I told him about the work the Israel Democracy Institute is doing among high-school students in Israel, including Arabs, to promote the idea of a constitution. A constitution, I told Green, would enhance equality between Arabs and Jews. He didn’t disagree, but he was clearly impatient. “A constitution will take time,” he said. “But there is so much we need to do right away.”
How right he was. On the flight back home the Israeli newspapers threw in my face the varied and complex Arab-Jewish realities in Israel. One article reported on the nomination of Oscar Abu-Razek as the first Arab director general of the Interior Ministry.
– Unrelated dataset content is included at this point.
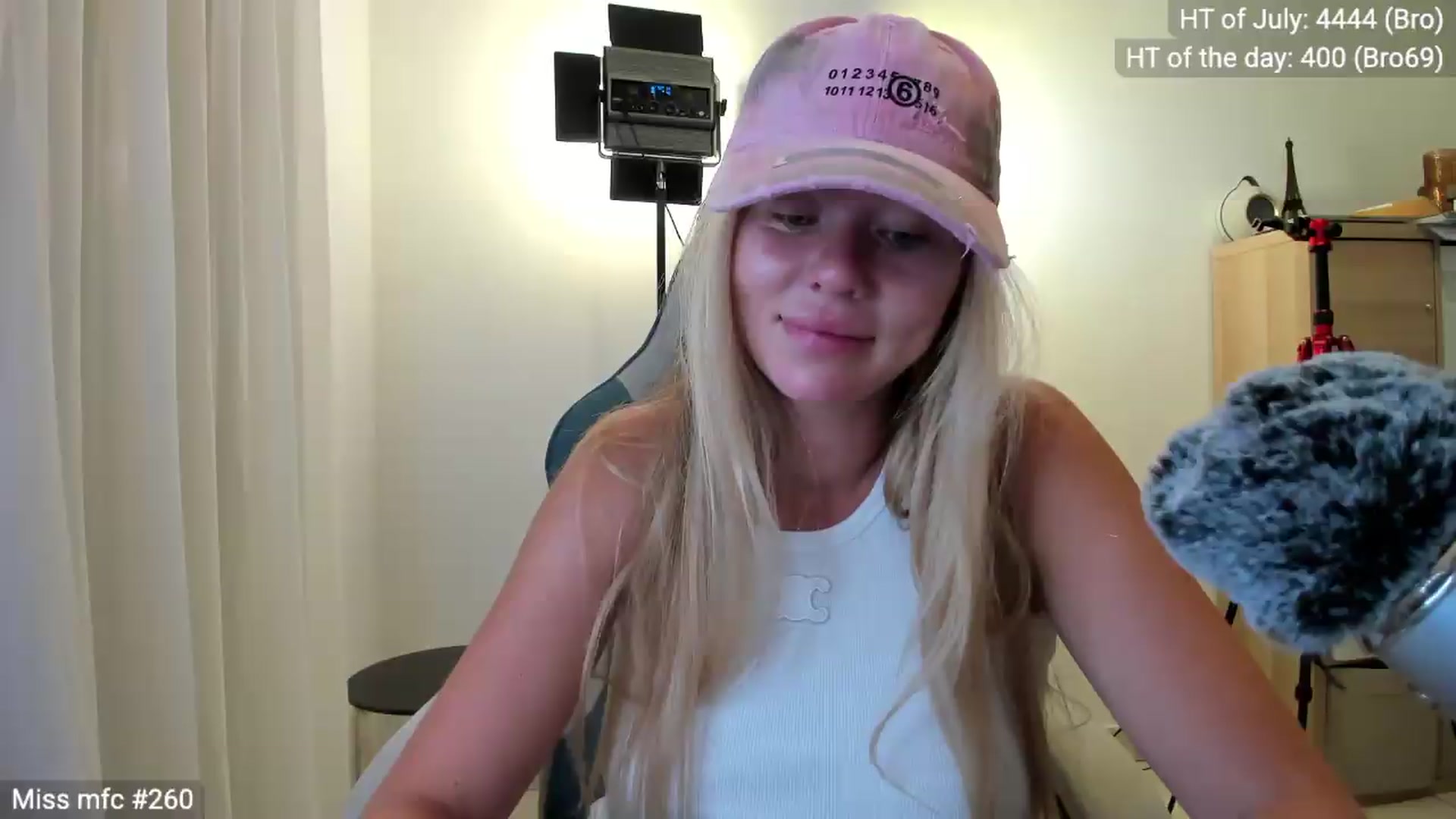 Gallery image thumbnail from Linda_0nline's myfreecams stream on, 07/31/2026, 20:26 image 18 of 20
Another reported on an Israeli Arab being prosecuted for assisting a Palestinian terrorist.
Yet another article told of Adel and Imen Kaadan, an Arab couple from the Arab town of Baka Al-Gharbiya who succeeded — after 10 years of trying and finally appealing to the Supreme Court — in getting a permit to build a home in the nearby, newly incorporated Jewish village of Katzir. I presume they would rather live in a modern Arab village, but it was only recently that Israel’s housing minister announced plans to build one.
The sports pages, meanwhile, reported on the heroics of Abbas Suan, an Arab-Israeli soccer player from the township of Sakhnin. The Israeli national team was minutes away from losing its World Cup qualifier match to Ireland when Suan evened up the score with a dramatic goal.
Days later, Suan would be booed when his club team, Bnei Sakhnin, played against Betar Jerusalem. For Betar’s mostly right-wing fans, Suan’s lifting of Israel from the clutches of defeat on the soccer field apparently didn’t count for much. After all, he was still an Arab.
In Israel’s next World Cup match, another Israeli Arab player, Walid Badir, repeated Suan’s heroics, putting in the tying goal with time running out. Equaling the score in soccer games, it sometimes seems, is the closest that Arabs can get to equality in Israel. But as Irwin Green says, it’s up to us to do something about it.
Uri Dromi, director of international outreach at the Israel Democracy Institute in Jerusalem, was chief spokesman for the Israeli government under prime ministers Yitzhak Rabin and Shimon Peres.